Tree nut allergies can range in severity from mild to severe symptoms. Even tiny amounts of specific nuts may provoke an allergic response. Although an allergy to any one kind of nut usually means all should be avoided, an allergist can help individuals determine which nuts they can safely consume based on skin prick testing results, risk assessment between different varieties, quality-of-life considerations and more.
Fish
Seafood allergies are prevalent in countries where fish is an integral part of diets. Most individuals react negatively to one type of fish while remaining immune to crustaceans or molluscs, though it’s possible for someone to be allergic to only certain types of seafood (for instance some people can be sensitive to tuna but not cod) while many varieties appear similar (salmon could easily be mistaken for tilapia when filleted).

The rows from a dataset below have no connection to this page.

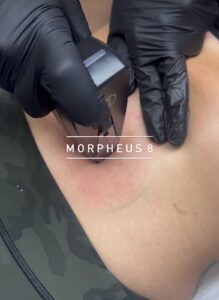 Morpheus8 Los Angeles abdomen treatment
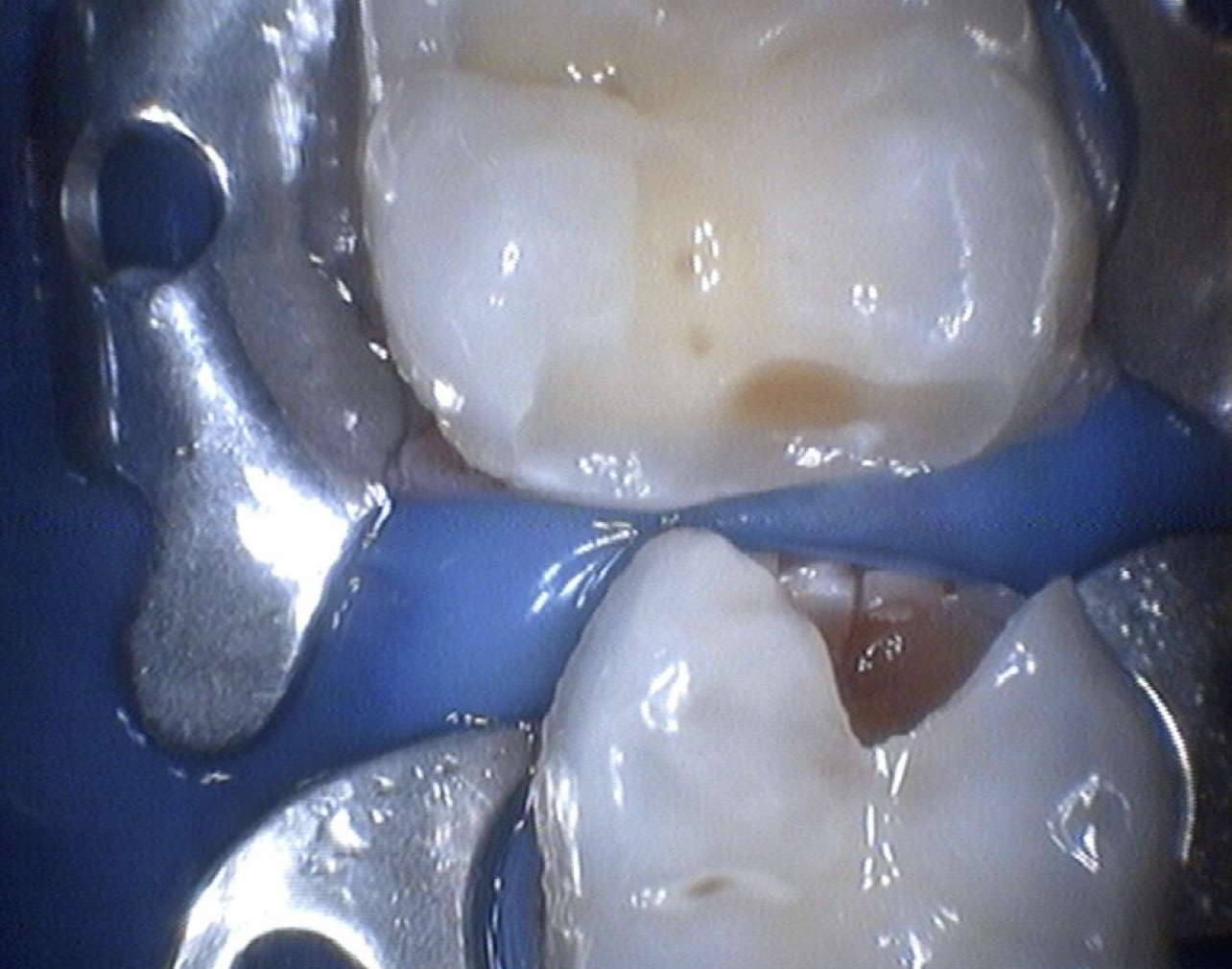 Tooth treatment for 22.5 tr - Dentistry, Check, Longpost, Question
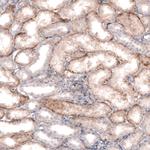 SLC16A2 Antibody in Immunohistochemistry (IHC)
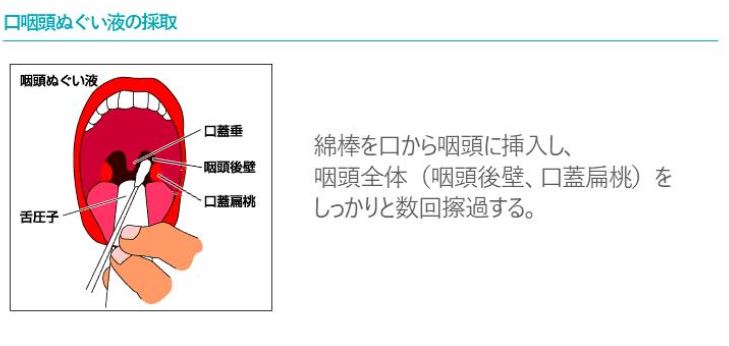 Genedia Covid29 テストキット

Skin and blood tests can confirm a fish allergy. Your allergist may suggest an oral food challenge whereby fish is removed from your diet for an extended period, followed by small doses being provided under medical supervision to observe any reactions.
Once diagnosed with a fish allergy, it is crucial that all who consume foods containing fish read ingredient lists carefully and avoid all products that contain fish – this includes sauces, condiments and prepared foods. Furthermore, inform all schools and afterschool care providers of your child’s allergy in order for them to prevent cross-contamination from taking place.